Start of Block
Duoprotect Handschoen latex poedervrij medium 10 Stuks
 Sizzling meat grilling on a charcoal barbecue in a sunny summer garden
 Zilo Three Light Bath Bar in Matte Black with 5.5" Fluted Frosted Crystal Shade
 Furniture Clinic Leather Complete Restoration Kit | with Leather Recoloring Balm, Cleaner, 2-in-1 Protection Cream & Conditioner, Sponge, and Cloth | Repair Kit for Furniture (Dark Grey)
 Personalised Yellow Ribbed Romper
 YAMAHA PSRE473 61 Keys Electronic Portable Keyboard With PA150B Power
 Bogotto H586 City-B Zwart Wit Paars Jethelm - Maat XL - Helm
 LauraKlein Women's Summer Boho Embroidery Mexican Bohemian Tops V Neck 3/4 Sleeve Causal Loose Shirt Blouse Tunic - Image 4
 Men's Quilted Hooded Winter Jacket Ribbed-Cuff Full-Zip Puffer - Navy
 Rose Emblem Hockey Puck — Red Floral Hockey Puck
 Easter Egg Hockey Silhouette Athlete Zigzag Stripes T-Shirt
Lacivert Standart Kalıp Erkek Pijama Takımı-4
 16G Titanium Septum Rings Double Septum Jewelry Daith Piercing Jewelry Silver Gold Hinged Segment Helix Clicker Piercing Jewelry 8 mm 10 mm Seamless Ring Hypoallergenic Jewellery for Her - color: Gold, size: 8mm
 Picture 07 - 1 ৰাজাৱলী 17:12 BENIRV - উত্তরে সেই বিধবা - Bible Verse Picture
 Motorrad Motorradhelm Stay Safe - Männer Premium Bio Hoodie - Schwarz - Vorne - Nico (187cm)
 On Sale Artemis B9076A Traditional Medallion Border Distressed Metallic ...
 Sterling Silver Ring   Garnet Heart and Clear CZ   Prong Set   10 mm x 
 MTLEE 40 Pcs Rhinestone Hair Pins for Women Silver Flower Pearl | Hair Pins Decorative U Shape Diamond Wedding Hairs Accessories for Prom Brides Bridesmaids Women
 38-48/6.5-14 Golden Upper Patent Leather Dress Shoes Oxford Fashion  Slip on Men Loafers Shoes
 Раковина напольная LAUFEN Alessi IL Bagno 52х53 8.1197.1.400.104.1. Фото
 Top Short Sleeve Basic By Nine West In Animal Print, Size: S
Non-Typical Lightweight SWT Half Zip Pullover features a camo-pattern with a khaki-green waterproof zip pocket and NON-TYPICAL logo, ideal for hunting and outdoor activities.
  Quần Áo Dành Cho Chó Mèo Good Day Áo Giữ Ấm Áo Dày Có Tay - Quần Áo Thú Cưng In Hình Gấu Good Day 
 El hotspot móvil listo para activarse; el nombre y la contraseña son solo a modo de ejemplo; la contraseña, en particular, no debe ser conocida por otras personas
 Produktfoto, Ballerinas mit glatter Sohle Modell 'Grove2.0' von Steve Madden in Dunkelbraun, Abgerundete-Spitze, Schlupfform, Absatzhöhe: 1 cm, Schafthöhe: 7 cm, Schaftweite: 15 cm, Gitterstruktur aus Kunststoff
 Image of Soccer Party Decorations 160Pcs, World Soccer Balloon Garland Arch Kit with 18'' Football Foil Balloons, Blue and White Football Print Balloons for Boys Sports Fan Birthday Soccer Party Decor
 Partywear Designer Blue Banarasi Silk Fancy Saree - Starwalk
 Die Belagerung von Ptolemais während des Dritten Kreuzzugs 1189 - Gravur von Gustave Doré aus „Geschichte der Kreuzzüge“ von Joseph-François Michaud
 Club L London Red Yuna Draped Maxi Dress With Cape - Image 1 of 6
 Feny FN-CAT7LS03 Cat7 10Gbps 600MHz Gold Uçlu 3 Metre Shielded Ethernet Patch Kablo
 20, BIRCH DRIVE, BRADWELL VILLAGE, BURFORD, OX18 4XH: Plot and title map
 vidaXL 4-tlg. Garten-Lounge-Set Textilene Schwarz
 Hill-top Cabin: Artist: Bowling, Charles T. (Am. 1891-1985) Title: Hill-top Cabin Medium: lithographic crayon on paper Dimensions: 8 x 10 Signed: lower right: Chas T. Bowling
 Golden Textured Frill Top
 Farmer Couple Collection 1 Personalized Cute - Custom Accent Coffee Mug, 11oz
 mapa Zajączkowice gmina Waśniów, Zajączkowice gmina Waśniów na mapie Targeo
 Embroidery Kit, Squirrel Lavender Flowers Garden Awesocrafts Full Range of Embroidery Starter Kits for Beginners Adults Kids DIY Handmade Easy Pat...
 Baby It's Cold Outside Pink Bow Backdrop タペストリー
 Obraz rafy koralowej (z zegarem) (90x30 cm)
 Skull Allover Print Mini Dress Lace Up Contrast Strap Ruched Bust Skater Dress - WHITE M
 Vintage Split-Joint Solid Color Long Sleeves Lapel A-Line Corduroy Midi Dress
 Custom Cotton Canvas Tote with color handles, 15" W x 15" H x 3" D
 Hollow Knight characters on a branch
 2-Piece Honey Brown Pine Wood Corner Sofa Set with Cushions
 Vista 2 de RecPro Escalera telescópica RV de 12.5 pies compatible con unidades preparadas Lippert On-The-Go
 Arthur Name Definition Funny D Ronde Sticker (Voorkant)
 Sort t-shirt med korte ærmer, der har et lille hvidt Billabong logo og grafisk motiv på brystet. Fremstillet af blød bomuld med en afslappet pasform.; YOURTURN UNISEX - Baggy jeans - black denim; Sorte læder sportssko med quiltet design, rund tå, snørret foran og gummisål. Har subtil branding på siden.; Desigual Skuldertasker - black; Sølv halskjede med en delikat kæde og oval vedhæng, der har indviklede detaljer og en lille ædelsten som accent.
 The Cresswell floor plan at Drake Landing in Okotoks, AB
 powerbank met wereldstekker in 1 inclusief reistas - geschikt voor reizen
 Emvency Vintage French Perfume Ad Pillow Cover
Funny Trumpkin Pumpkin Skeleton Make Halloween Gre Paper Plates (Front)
End of Block
• **Required work**
From the records above, quote only the lines running from the line with "Personalised Yellow Ribbed Romper" to the line with "Lacivert Standart Kalıp Erkek Pijama Takımı-4", both lines included.

• **Exercise output**
 Personalised Yellow Ribbed Romper
 YAMAHA PSRE473 61 Keys Electronic Portable Keyboard With PA150B Power
 Bogotto H586 City-B Zwart Wit Paars Jethelm - Maat XL - Helm
 LauraKlein Women's Summer Boho Embroidery Mexican Bohemian Tops V Neck 3/4 Sleeve Causal Loose Shirt Blouse Tunic - Image 4
 Men's Quilted Hooded Winter Jacket Ribbed-Cuff Full-Zip Puffer - Navy
 Rose Emblem Hockey Puck — Red Floral Hockey Puck
 Easter Egg Hockey Silhouette Athlete Zigzag Stripes T-Shirt
Lacivert Standart Kalıp Erkek Pijama Takımı-4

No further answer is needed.